At what pts. on the surface $z = x^{2}y + y^{2}x + 3x$ is the tangent plane parallel to the $xy$-plane?
So first I define a function $F(x, y, z) = x^{2}y + y^{2}x + 3x – z$ which has gradient $grad F = (2xy + y^2 + 3, x^{2} + 2yx, -1)$. So the equation of our tangent plane is: $(2xy + y^{2} + 3)(x – x_{0}) + (x^{2} + 2yx)(y – y_{0}) – (z – z_{0}) = 0$.
So we get as a normal line:
$r(t) = (x_{0} + (2x_{0}y_{0} + y_{0}^{2} + 3)t, y_{0} + (x_{0}^{2} +2y_{0}x_{0})t, z_{0} – t)$.

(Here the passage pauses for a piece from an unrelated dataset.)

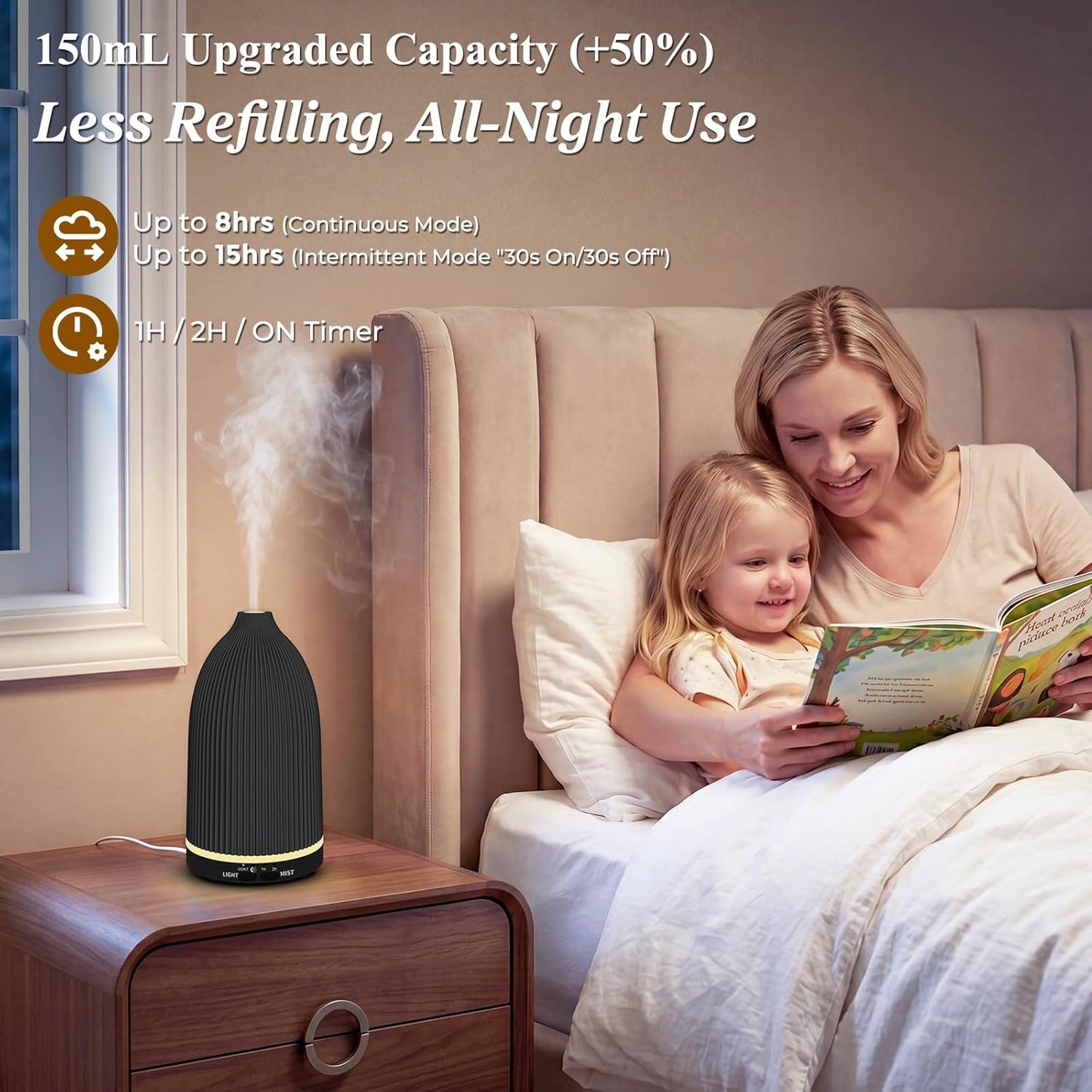 URPOWER 150ML Essential Oil Diffusers for Home, Ultrasonic Aromatherapy Diffuser with 7 Color Changing Lights, Timer & Auto Shut-Off, Scent Diffuser for Bedroom, Office, Yoga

Now I know two planes are parallel if their normal lines are parallel, but I'm not quite sure how to complete the problem.
Best Answer
If the tangent plane to the surface defined by $f(x,y,z) = 0$ with $f(x,y,z) = x^2y+y^2x+3x-z$ at the point $P = (x,y,z)$ is parallel to the $xy$ plane, then its normal line must be parallel to the vector $\vec{a} = <0,0,1>$. But $\vec{n} = \nabla{f}= <2xy+y^2+3, x^2+2xy, -1>$. Thus we must have: $2xy+y^2+3 = 0 = x^2+2xy$. Observe that $x \neq 0$ since $y^2+3 > 0$. Thus: $x(x+2y) = 0 \implies x = -2y\implies -4y^2+y^2+3 = 0\implies y^2 = 1 \implies y = \pm 1\implies x = \mp 2$. Thus the points are $(2,-1,4), (-2,1,-4)$.